About Memory Usage and Capping
When monitoring the memory usage of processes and zones, the numbers may not seem to add up, which can lead to confusion. This topic explains how SmartOS calculates the various values and why they normally do not agree.
Calculating the RSS of a Process¶
The RSS values for the ps
and prstat
process lists come from
the /proc
file system. Internally these values are calculated by
the rm_asrss()
function, which determines how much memory the address
space of a process is using. The comment on
the rm_asrss()
implementation explains the drawbacks to this approach:
This is currently implemented as the number of active hardware translations that have page structures. Therefore, it can underestimate the traditional resident set size, eg, if the physical page is present and the hardware translation is missing; and it can overestimate the rss, eg, if there are active translations to a frame buffer with page structs. Also, it does not take sharing and XHATs into account.
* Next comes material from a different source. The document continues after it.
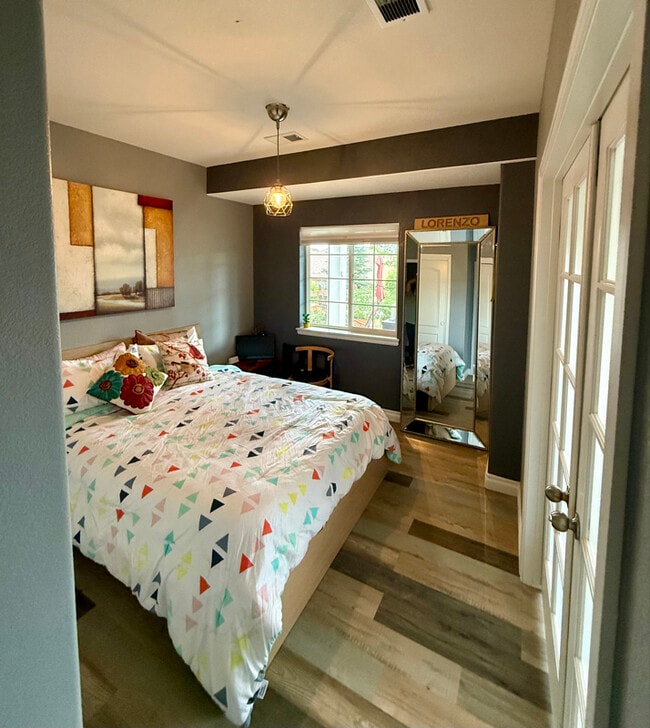 Building Photo - 8610 Zircon Way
Calculating the RSS of a Zone¶
In addition to the limitations inherent in rm_asrss()
, you can't
simply sum the per-process RSS values to obtain the size of the zone's
RSS. This is because it's common for processes in a zone to share pages,
such as code pages from libc
or other libraries on the system. Because
of this type of page sharing, it is difficult to calculate the overall
RSS for a zone.
Operationally, the overall RSS for a zone is the value reported
by prstat -Z
. This value is calculated by the
internal getvmusage()
system call, which counts the number of resident
memory pages used by all of the processes in the zone. It tries to
determine a more accurate zone RSS value by avoiding double-counting
pages. This is the value used for memory capping.
The getvmusage()
system call calculates RSS so that for a given zone,
a page is only counted once. For example, if multiple processes in the
same zone map the same page, then the zone is only charged once for that
page. On the other hand, if two processes in different zones map the
same page, then both zones are charged for the page.
The following pseudocode describes how getvmusage()
calculates the RSS
for a zone.
- For each process:
- Figure out process's zone
- For each segment in process's address space:
- If segment is private:
- Lookup anons in the amp.
- For incore pages not previously visited each of the process's zones, add incore pagesize to each zone. Anon's with a refcnt of 1 can be assummed to be not previously visited.
- For address ranges without anons in the amp:
- Lookup pages in underlying vnode.
- For incore pages not previously visited for each of the process's zones, add incore pagesize to each zone.
- If segment is shared:
- Lookup pages in the shared amp or vnode.
- For incore pages not previously visited for each of the process's zones, add incore pagesize to each zone.
- If segment is private:
- For each segment in process's address space:
- Figure out process's zone
Because both the /proc
and the getvmusage()
RSS calculation are
looking at processes at a point in time, it is possible for the numbers
to disagree or to be different from one moment to the next as the
processes on the system cause page faults, as pages are paged out, or as
processes start and end.
Thus, the RSS is at best an approximation of the physical memory usage of processes and zones.